Does anyone know if there's a bare metal version of the USB code kcuzner created for the Teensy 3.2?
This is his code, right? Looks about as bare metal as you can get.
https://github.com/kcuzner/teensy-oscilloscope/blob/master/scope-teensy/src/usb.c
I've been looking at the Paul's core code and it's too complex to figure out what I need as a bare minimum (still looking at it).
The basic idea is the USB hardware responds to the tokens from the USB host by read/writing your buffers. You have give to the hardware your buffers in advance, via the BDT table. Then it gives you interrupts to tell you when it's used the buffers, and you have to give the hardware more buffers, and of course actually do something with ones it has finished using.
If you're used to thinking of code as a reactionary model, where the hardware gives you an interrupt and then your code does the work of moving data, perhaps this model of setting up buffers in advance can seem complex. But this is the way modern high performance DMA-based peripherals work.

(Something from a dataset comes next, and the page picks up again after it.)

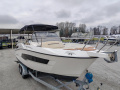 Karnic SL702 Bateau de sport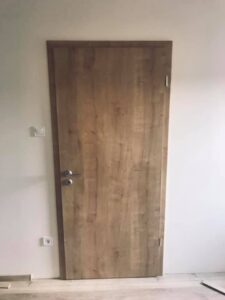braun_arnyekolastechnika_belteri_ajto_csere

Perhaps a bare minimum would use just two buffers per endpoint. Or maybe even just 1 buffer. The BDT is set up for ping-pong with 2 pointers, so 2 buffers might be simpler than 1.
But the key to good USB performance is always having a buffer ready to receive data when the host sends the OUT token, or having a buffer filled with data ready to go when the host sends the IN token. USB host controllers tend to be quite bursty in their access, where (with bulk & control) you tend to be rewarded immediately with another IN or OUT token if you were ready for the last one, and then as soon as you don't have a buffer ready the hardware replies with a NAK token. The host controller usually moves on to other devices or enters a brief idle pause, so you *really* hurt performance if you're ever not ready. The host controller also spends a chunk of each frame servicing isochronous & interrupt endpoints. If your application is generating or consuming data quickly, the key to performance involves buffering up enough during those quiet times so you can always have buffers ready to go in the BDT slots during those times of rapid IN-ACK / OUT-ACK sequences.
My USB code has quite a lot of work invested in achieving those performance goals. Maybe you'll manage something just as good with whatever "bare minimum" ends up looking like, but I'd put the odds performance will likely suffer.